Anti-angiogenesis, i.e., blocking the angiogenic pathway, has been considered as an important component in current cancer therapeutic modalities. However, the associated benefits have proven to be modest as tumor angiogenesis and regrowth persist, probably due to other ill-defined complex angiogenic mechanisms. Herein, we developed an indomethacin (IMC) incorporating system to mediate hypoxia responsive prodrug (TA) and diagnostic agent (DA) in cancer theranostic applications. Cyclooxygenase 2 (COX-2) elevated expression in several cancer types is closely associated with severe tumor supporting vascularization factors. Our strategy utilizing COX-2 inhibition augmented the anti-angiogenetic induced hypoxia responsive prodrug activation well. Both in vitro and in vivo results proved that DA and TA exhibited specificity towards COX-2 positive (+ve) HeLa and A549 cancer cell lines and activation under hypoxic conditions. Compared with controls (R1, and anticancer drug SN-38), TA displayed prolonged tumor retention and enhanced therapeutic efficacy in xenograft mouse models at a reduced dosage. Our results significantly highlighted the importance of COX-2 blockade mediated anti-angiogenesis in complementing the hypoxia-responsive drug delivery systems (DDSs) and could to beneficial for the rapid development of more efficacious antitumor therapeutics.

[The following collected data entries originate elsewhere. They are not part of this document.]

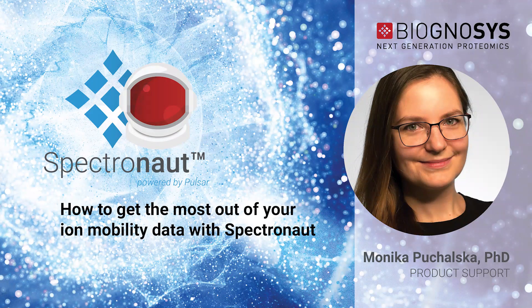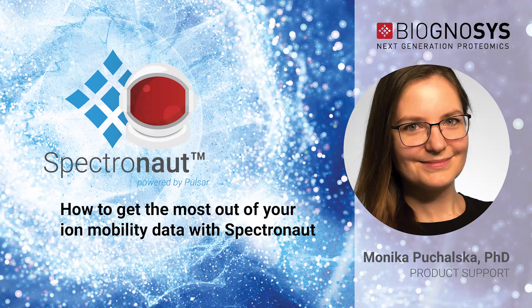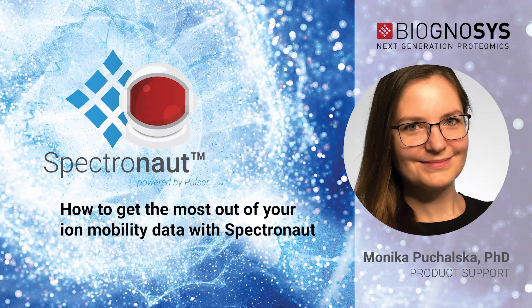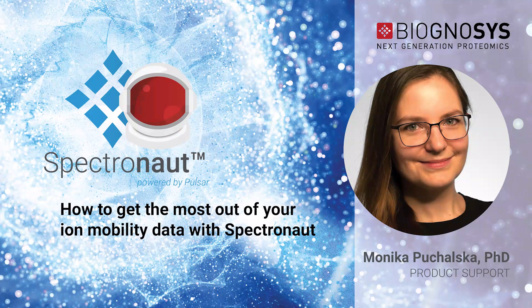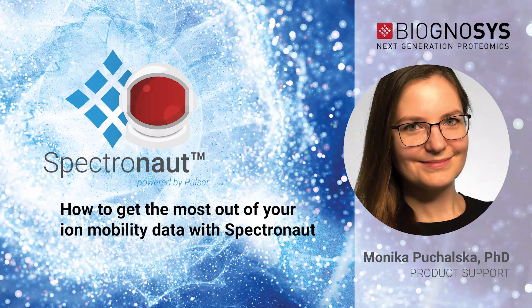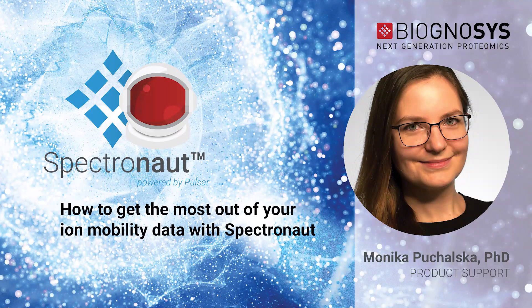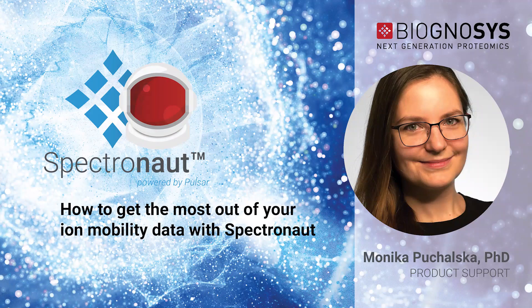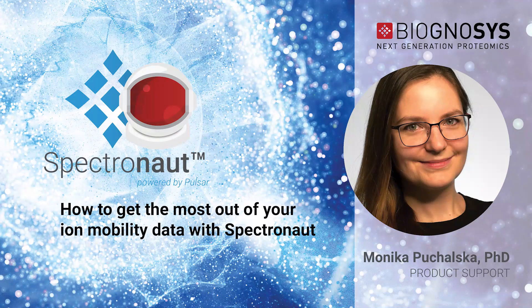Firstly, let me explain why we would like to focus on ion mobility. In classical proteomics, we deal with three-dimensional data: mass-to-charge ratio, retention time, and peak intensity.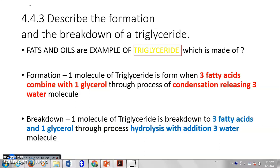For breakdown — the reverse of formation — one molecule of triglyceride is broken down into three fatty acids and one glycerol. Breaking a large molecule into smaller components uses the process called hydrolysis. Because 'hydro' is in the name, we add three water molecules during hydrolysis, whereas condensation releases three water molecules.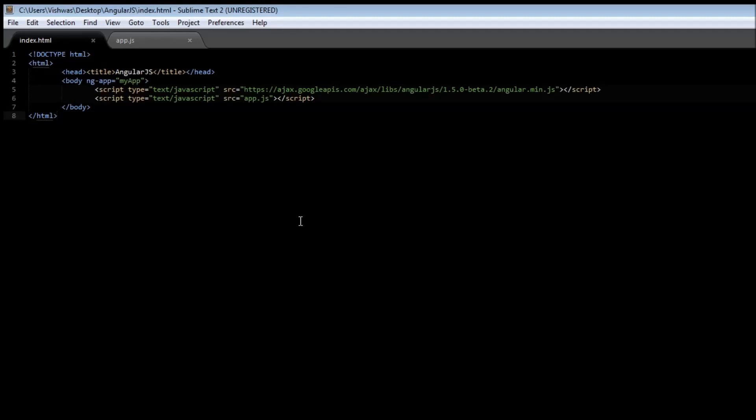Now, in our previous video, we have been using ng-init directive to initialize our data, and then we have been using expressions to display them onto our screen. Let us quickly recollect with an example.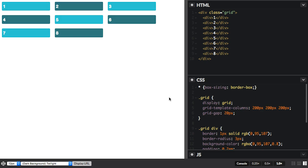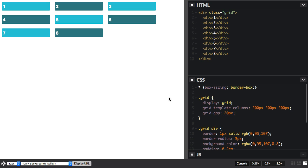In this video, I'm going to show you how to define a grid using the FR unit. The FR unit is a new unit created for CSS Grid Layout. With it, you can create flexible grids without needing to calculate percentages, because what this unit does is it represents a fraction of the available space in the grid container.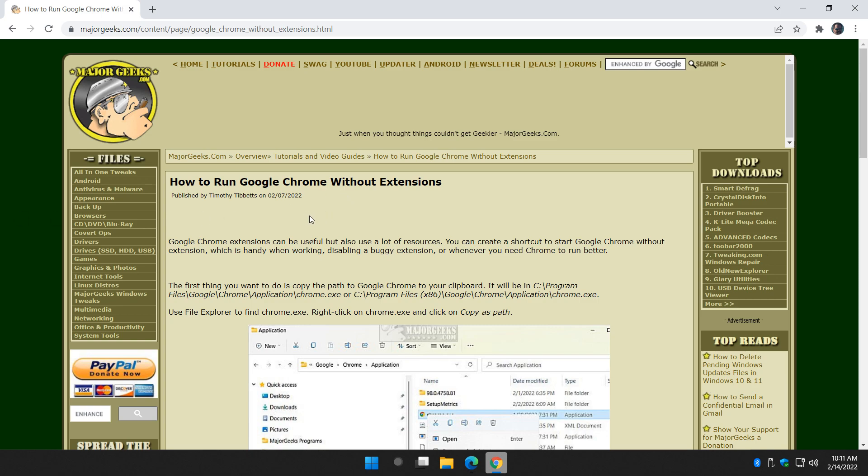Hey there geeks, Tim with MajorGeeks.com. Today we're going to show you how to create a shortcut so that you can run Google Chrome without extensions.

抗血管生成，即阻断血管生成途径，已经被认为是当前癌症治疗方式中的重要组成部分。然而，随着肿瘤血管生成和再生的持续存在，相关的益处已被证明是适度的，这可能是由于其他不确定的复杂血管生成机制所致。本文中，我们开发了消炎痛（IMC）整合系统，可在癌症治疗学应用中介导缺氧反应性前药（TA）和诊断剂（DA）。环氧合酶2（COX-2）在几种癌症类型中的表达升高与严重的支持肿瘤的血管生成因子密切相关。我们利用COX-2抑制的策略很好地增强了抗血管生成诱导的缺氧反应性前药激活。无论在体外和体内结果证明DA和TA对COX-2阳性（+ ve）HeLa和A549癌细胞系具有特异性，并在缺氧条件下具有活化作用。与对照（R1和抗癌药物SN-38）相比，TA在异种移植小鼠模型中以较低的剂量显示出延长的肿瘤保留和增强的治疗效果。我们的结果显着强调了COX-2阻断介导的抗血管生成在补充缺氧反应性药物递送系统（DDS）中的重要性，并且可能有利于更有效的抗肿瘤疗法的快速发展。